Custom transliteration is also dediacritizable as shown below,

julia> old_keys = collect(keys(BW_ENCODING));
julia> new_vals = reverse(collect(values(BW_ENCODING)));
julia> my_encoder = Dict(old_keys .=> new_vals);
julia> @transliterator my_encoder "MyEncoder"
julia> encode(avrs)"rjsFKj 3,,v1Yj 3,bv1}FK1\"#j 3,bv1}j]Kj"
julia> arabic(encode(avrs))"بِسْمِ ٱللَّهِ ٱلرَّحْمَٰنِ ٱلرَّحِيمِ"
julia> dediac(encode(avrs))"rjsFKj 3,,v1Yj 3,bv1}FK1\"#j 3,bv1}j]Kj"
julia> arabic(dediac(encode(avrs)))"بِسْمِ ٱللَّهِ ٱلرَّحْمَٰنِ ٱلرَّحِيمِ"

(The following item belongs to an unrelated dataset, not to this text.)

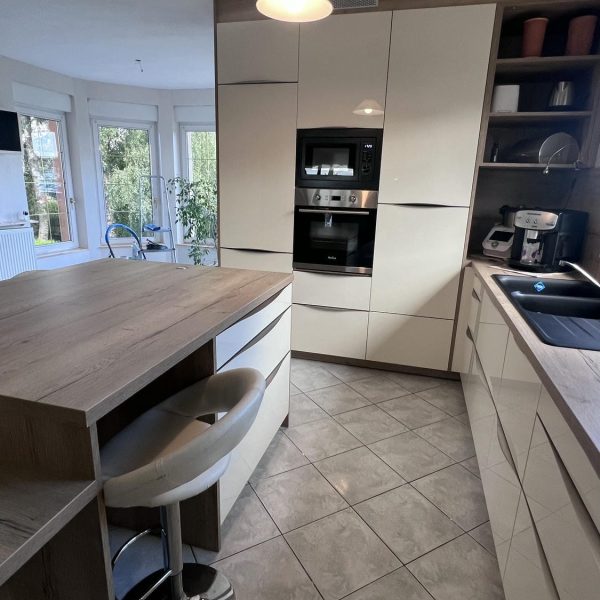 Cuisine laquée blanche équipée avec un plan de travail en bois, associant modernité et chaleur naturelle.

To reset the transliteration,

julia> @transliterator :default
julia> encode(avrs)"bisomi {ll~ahi {lr~aHoma`ni {lr~aHiymi"
julia> dediac(encode(avrs))"bisomi {ll~ahi {lr~aHoma`ni {lr~aHiymi"

Character Normalization

Normalization is done using the normalize function. It works for Arabic, Buckwalter and other custom transliterations. For example, the following normalizes the avrs above:

julia> normalize(avrs)"بِسْمِ اللَّهِ الرَّحْمَانِ الرَّحِيمِ"
julia> normalize(dediac(avrs))"بسم الله الرحمن الرحيم"
julia> dediac(normalize(avrs)) # using pipe notation"بسم الله الرحمان الرحيم"
julia> avrs |> dediac |> normalize |> encode"bsm Allh AlrHmn AlrHym"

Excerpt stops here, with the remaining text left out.